Data records
----

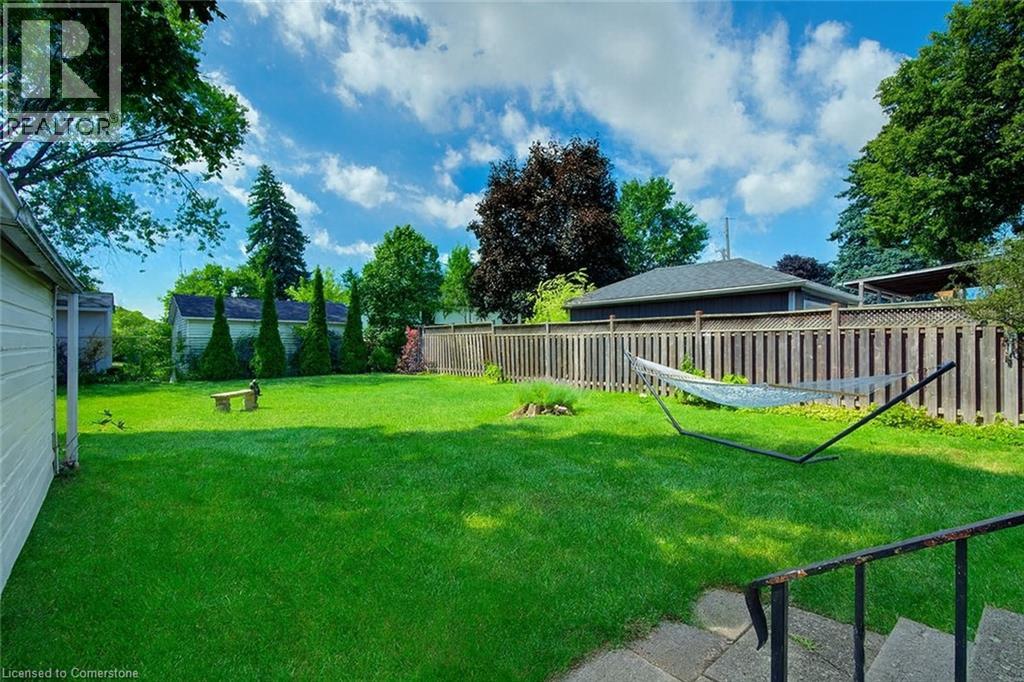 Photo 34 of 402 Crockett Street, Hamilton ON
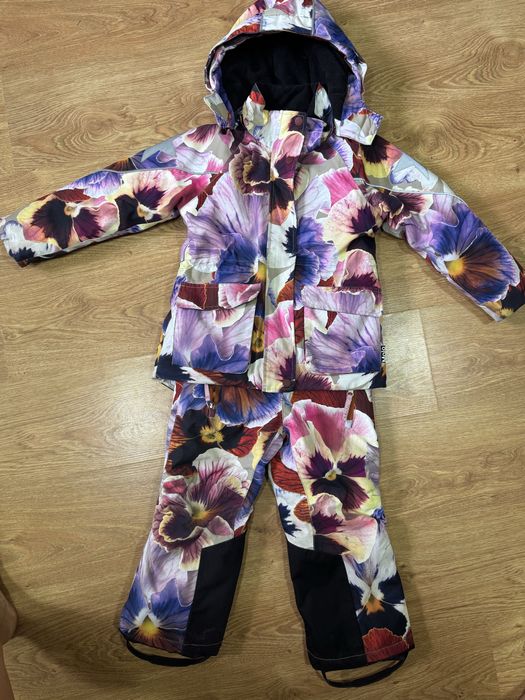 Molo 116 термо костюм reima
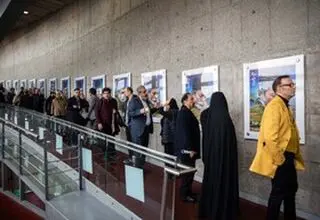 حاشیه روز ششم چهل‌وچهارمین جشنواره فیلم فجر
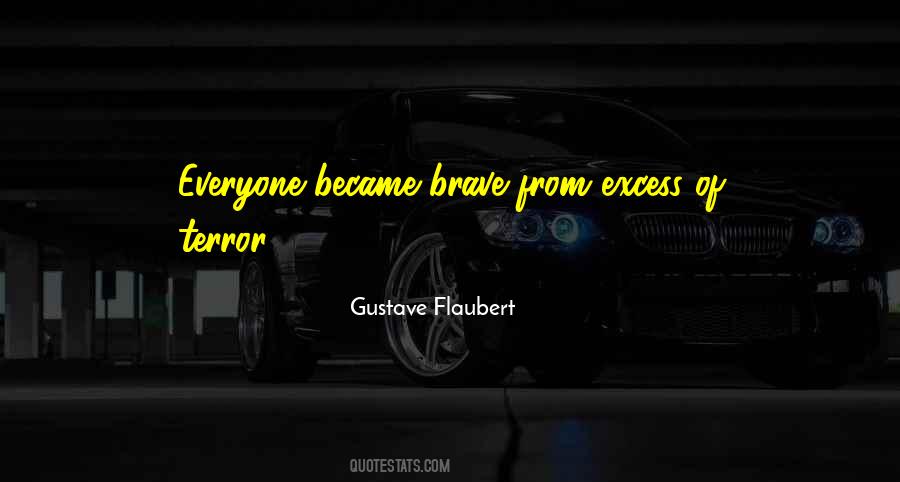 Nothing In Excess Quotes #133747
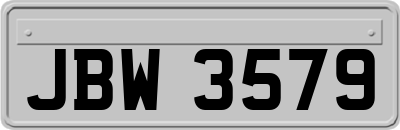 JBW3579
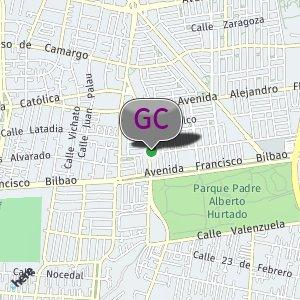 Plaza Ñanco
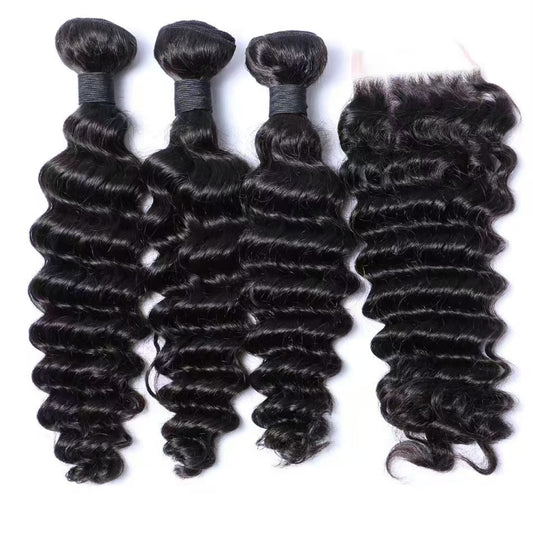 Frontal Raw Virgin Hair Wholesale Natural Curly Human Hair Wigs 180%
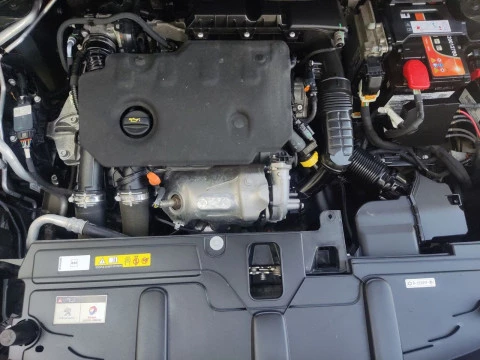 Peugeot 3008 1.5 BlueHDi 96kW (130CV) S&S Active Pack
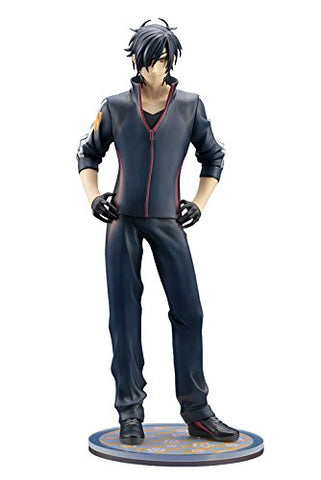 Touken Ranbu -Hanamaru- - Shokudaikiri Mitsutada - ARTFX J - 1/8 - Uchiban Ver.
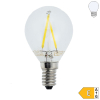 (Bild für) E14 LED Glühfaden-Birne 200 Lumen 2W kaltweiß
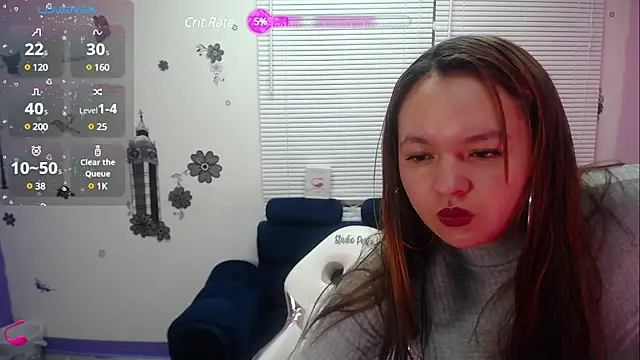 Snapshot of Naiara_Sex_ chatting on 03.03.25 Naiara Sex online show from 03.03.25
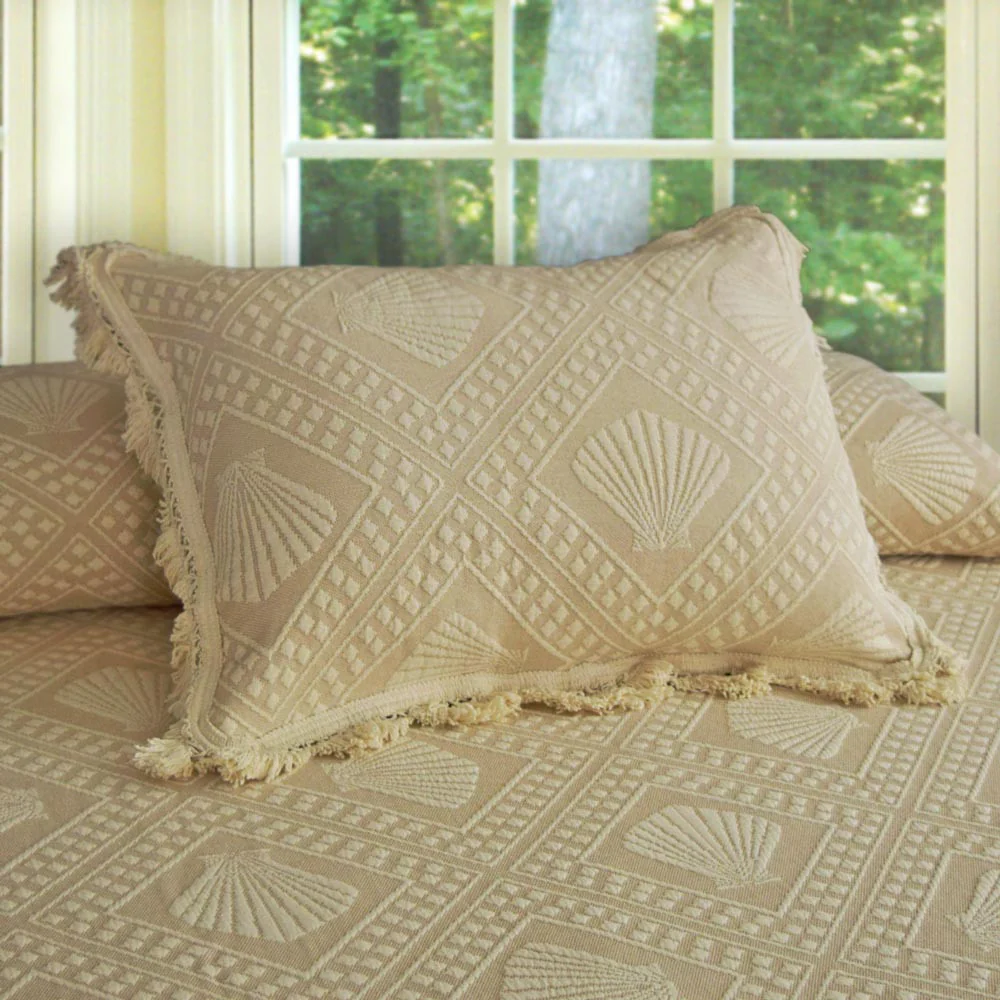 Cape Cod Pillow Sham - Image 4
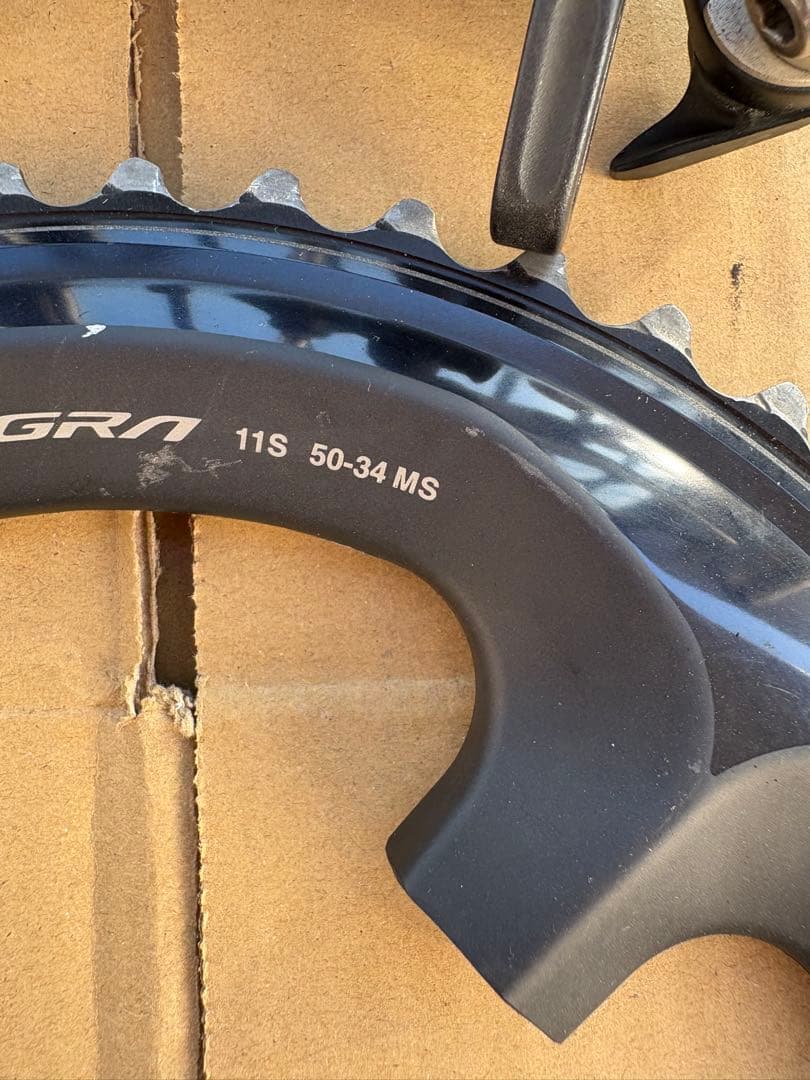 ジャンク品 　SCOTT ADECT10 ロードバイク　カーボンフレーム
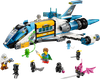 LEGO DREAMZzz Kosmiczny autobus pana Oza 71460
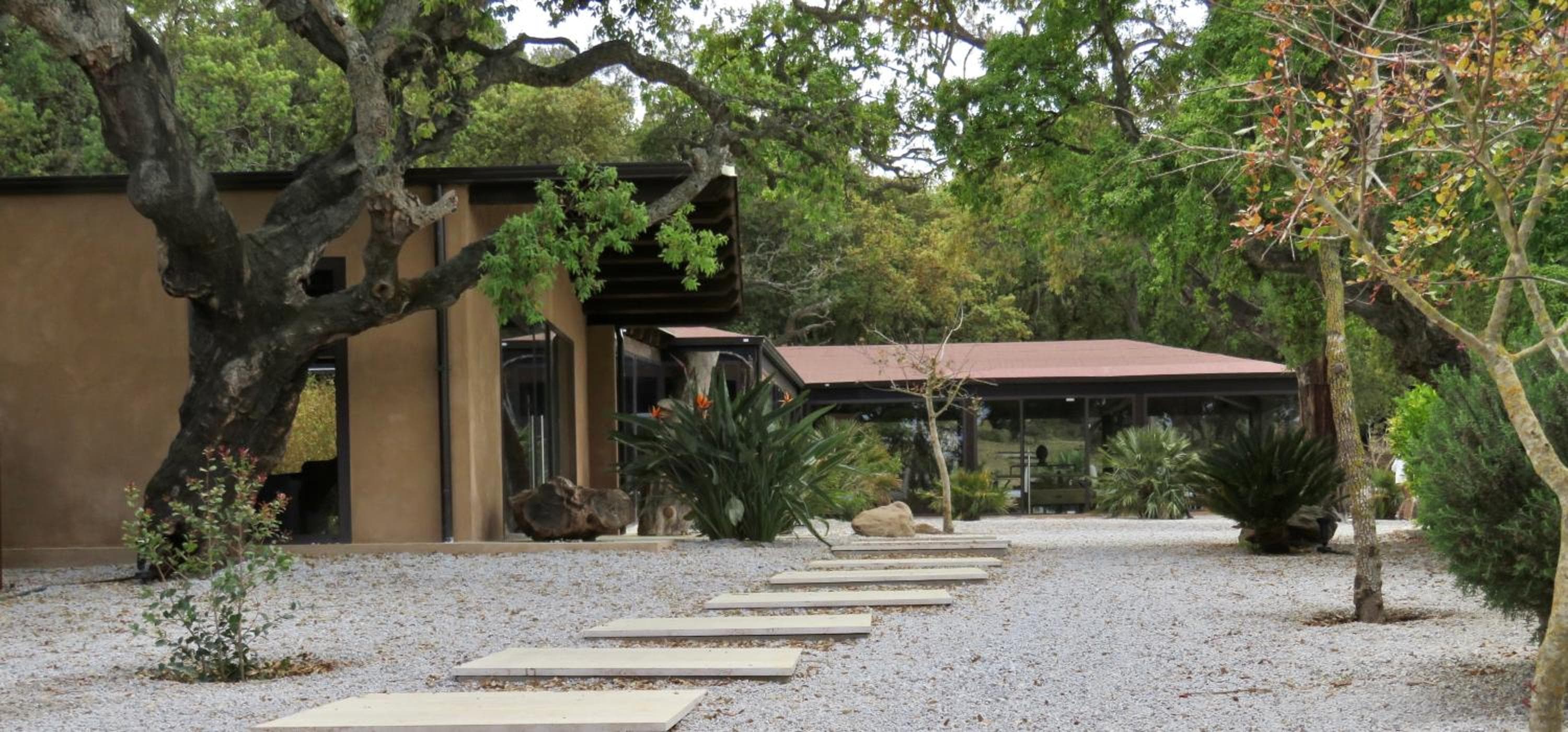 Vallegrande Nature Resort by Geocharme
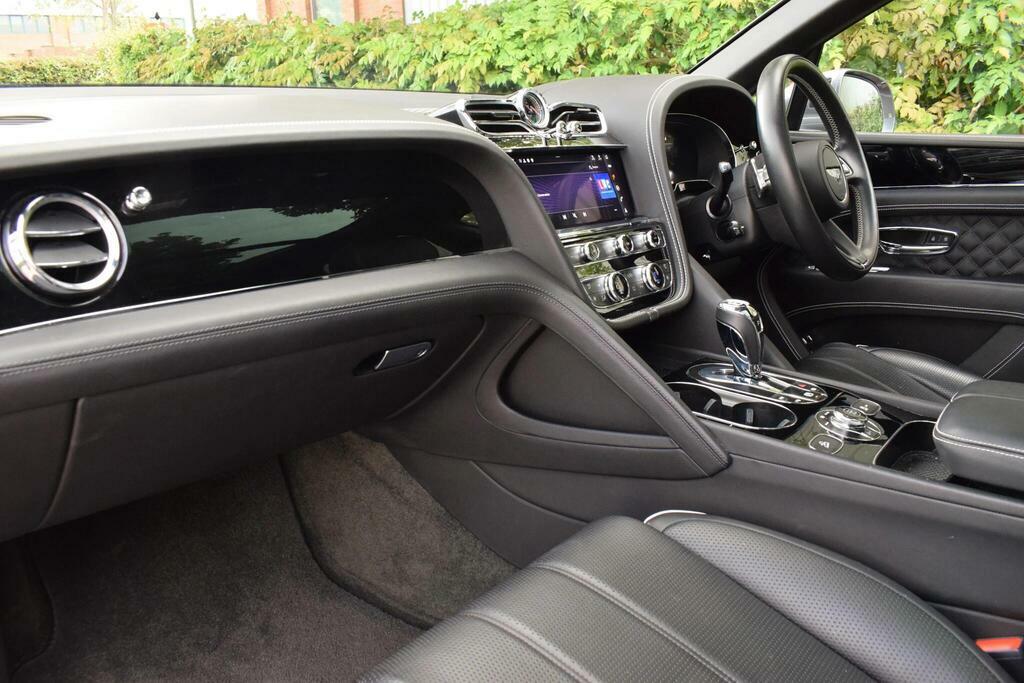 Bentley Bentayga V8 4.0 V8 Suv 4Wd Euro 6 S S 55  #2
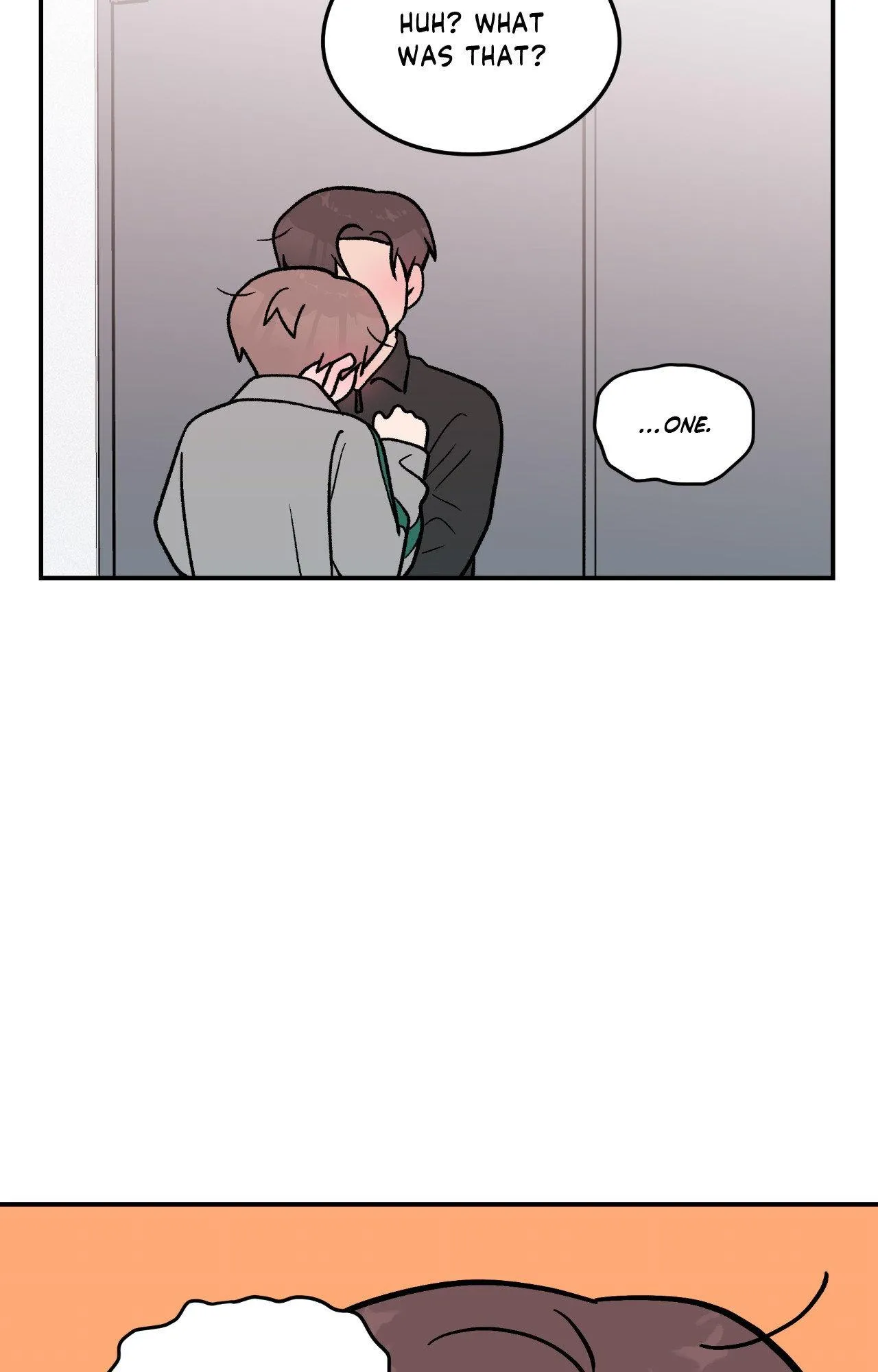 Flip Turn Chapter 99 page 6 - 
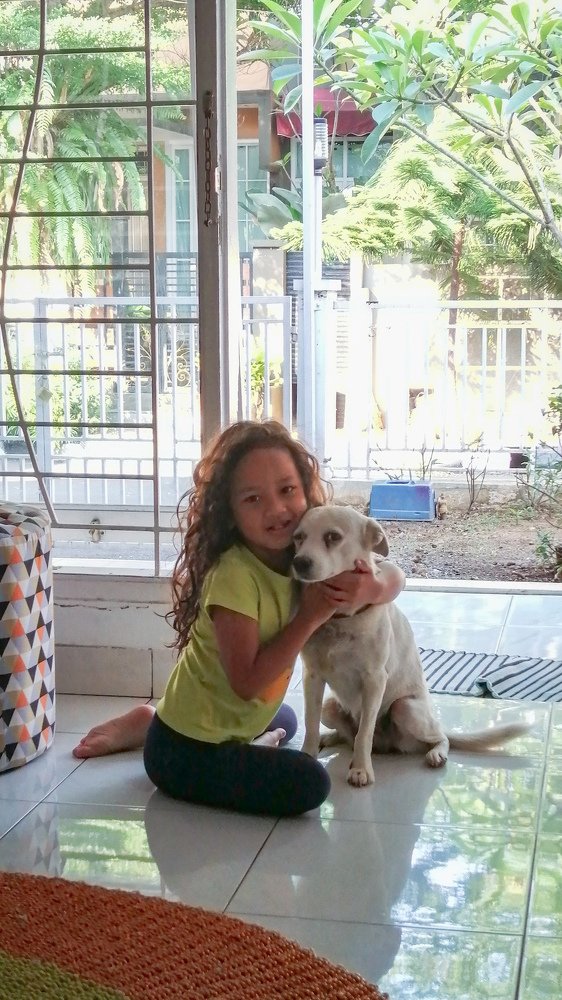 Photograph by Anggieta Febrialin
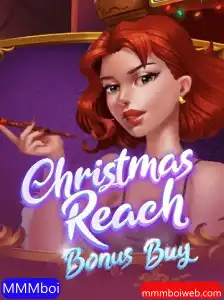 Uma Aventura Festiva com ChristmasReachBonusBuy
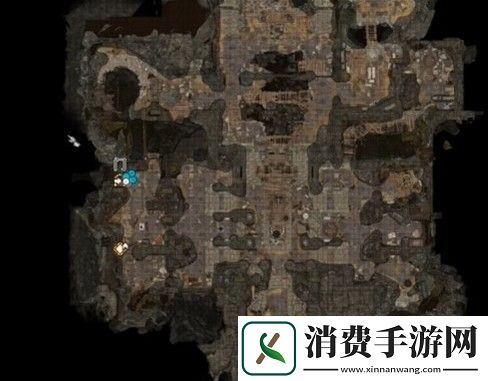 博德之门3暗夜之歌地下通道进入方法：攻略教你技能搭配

----

Print the records above verbatim, minus any pictures.

 Photo 34 of 402 Crockett Street, Hamilton ON
 Molo 116 термо костюм reima
 حاشیه روز ششم چهل‌وچهارمین جشنواره فیلم فجر
 Nothing In Excess Quotes #133747
 JBW3579
 Plaza Ñanco
 Frontal Raw Virgin Hair Wholesale Natural Curly Human Hair Wigs 180%
 Peugeot 3008 1.5 BlueHDi 96kW (130CV) S&S Active Pack
 Touken Ranbu -Hanamaru- - Shokudaikiri Mitsutada - ARTFX J - 1/8 - Uchiban Ver.
 (Bild für) E14 LED Glühfaden-Birne 200 Lumen 2W kaltweiß
 Snapshot of Naiara_Sex_ chatting on 03.03.25 Naiara Sex online show from 03.03.25
 Cape Cod Pillow Sham - Image 4
 ジャンク品 　SCOTT ADECT10 ロードバイク　カーボンフレーム
 LEGO DREAMZzz Kosmiczny autobus pana Oza 71460
 Vallegrande Nature Resort by Geocharme
 Bentley Bentayga V8 4.0 V8 Suv 4Wd Euro 6 S S 55  #2
 Flip Turn Chapter 99 page 6 - 
 Photograph by Anggieta Febrialin
 Uma Aventura Festiva com ChristmasReachBonusBuy
 博德之门3暗夜之歌地下通道进入方法：攻略教你技能搭配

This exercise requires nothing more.